How long had I been diabetic?... How did I get it?... What did I do that was different to everyone else?....Did he have diabetes?....

Then, came the next event of the day…
An Accused man’s wife had been crying….
She wanted to see her husband and had to be gone by 3:00 because of the kids…
What conversation followed was HILARIOUS to say the least.
I pitied the woman but couldn’t help laughing…
“So madam what is the trouble with your husband?”
“I dunno!”
“Whaja mean you dunno? You have two kids by this man and you don’t know what his problem is? I can’t help you if you can’t tell me what’s up.”
She sits there sobbing in the corner…
“I donno what he was doing in the middle of that mushkil(incident/ trouble)”
After an hour of her sniffling they seem bored
The lead her out…
In come a couple agents to discuss what the deal is…
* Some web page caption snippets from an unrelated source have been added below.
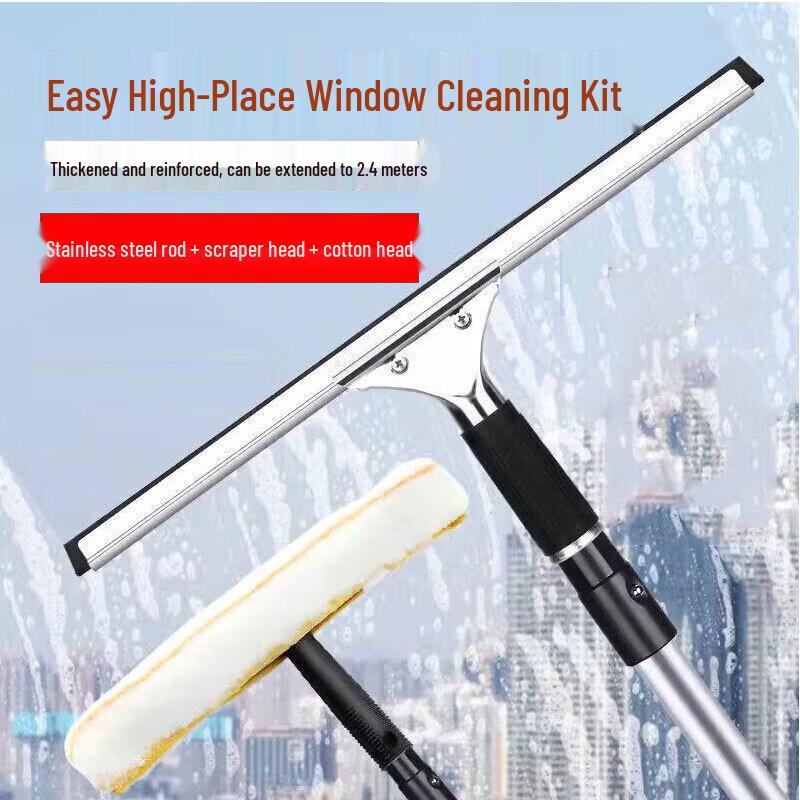 2.4m Telescopic Stainless Steel Window Cleaner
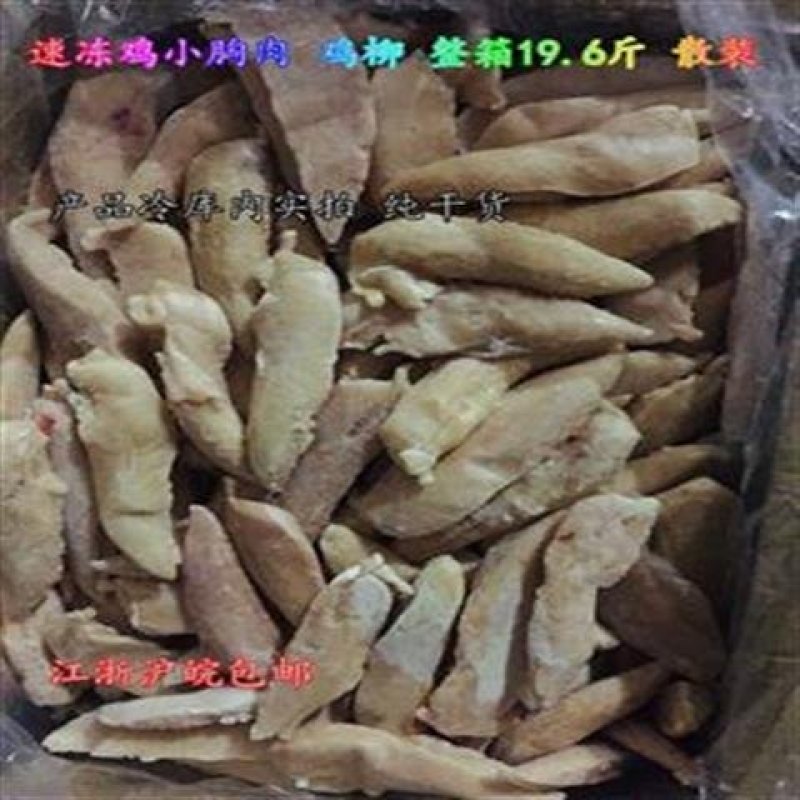 新鲜冷冻生鲜散装鸡小胸肉小鸡脯鸡柳整箱19.6斤纯干江浙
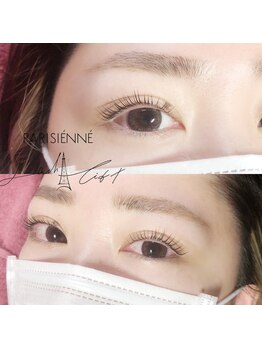 リラクゼーション整体 おぎそ亭/パリジェンヌラッシュリフト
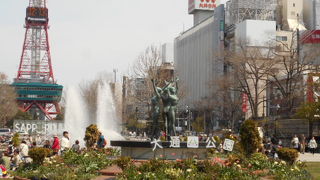 札幌の有名スポット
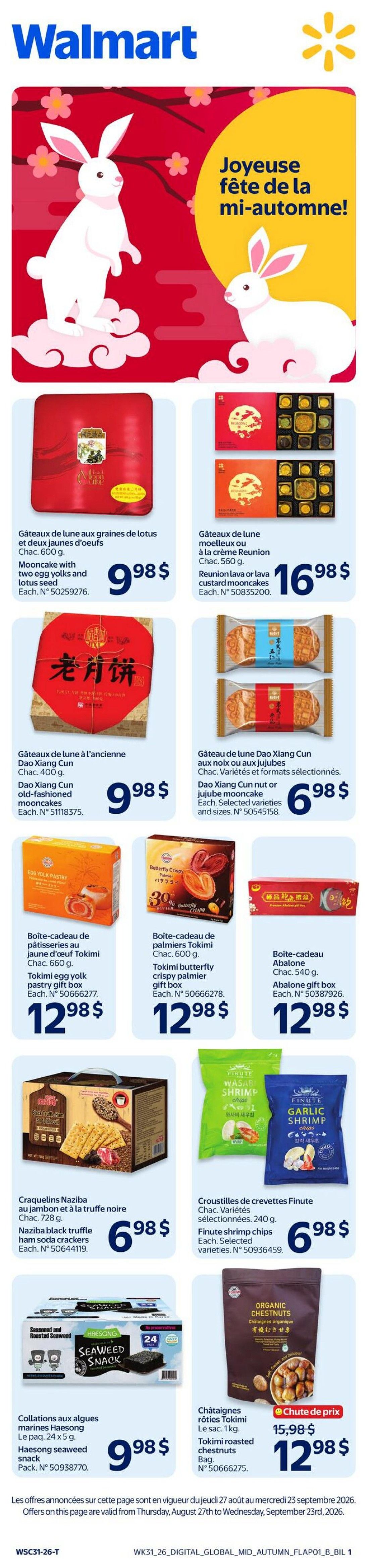 Walmart (QC) Flyer August 27 to September 2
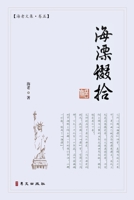 ????:????-?? (????) (Chinese Edition) B0H8K1X1FG Book Cover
They then lead in the man in handcuffs. He’s a mountain of human flesh with a beard, a warm jacket, a big gut that seems like it’s trying to burst through the bottom of his grey
t- shirt,“So tell me what’s up with you”
“Well, I can’t go back to Syria”
“What’s that on your hand?”
“I was inked in prison”
“Prison?”
“Yeah”
“Why?”
“Well I got in trouble with the Syrian Secret police (mukhabarat=intelligence). They kept coming to my house looking for my brother who is in Germany. They came and tossed the house 4 times and I didn’t say anything. The last time they came for me…
There were 4 in the car… I got a hold of one of their AK’s and shot three of them. I would have shot the forth but they shot me in the gut and that is why I need my medication. I can’t lie down on the floor and there are only Sudanese in there”
“They won’t give you a spot to lie down?”
“No they are all Sudanese”
In comes the local prison doctor… He’s a young guy with slicked back hair…
“Yeah he’s got something wrong with his stomach as you’ve heard.” With a nod the doctor confirms it. The man is lead out and the wife thanks the detective profusely.
I sit there silently waiting it’s about 4:40 and the fifth time they ask me if I want to eat. “No thanks I can’t it’s the diabetes”
They call the judge and get the signal to make out the report. I had to wait until 5:05 for the judge because apparently it’s nap time for those guys.
After the call and conformation I have in my possession a written police report concerning my passport. I head to the faculty and then home…
I know it’s supposed to be translated in English and officially stamped but that will have to wait for Thursday.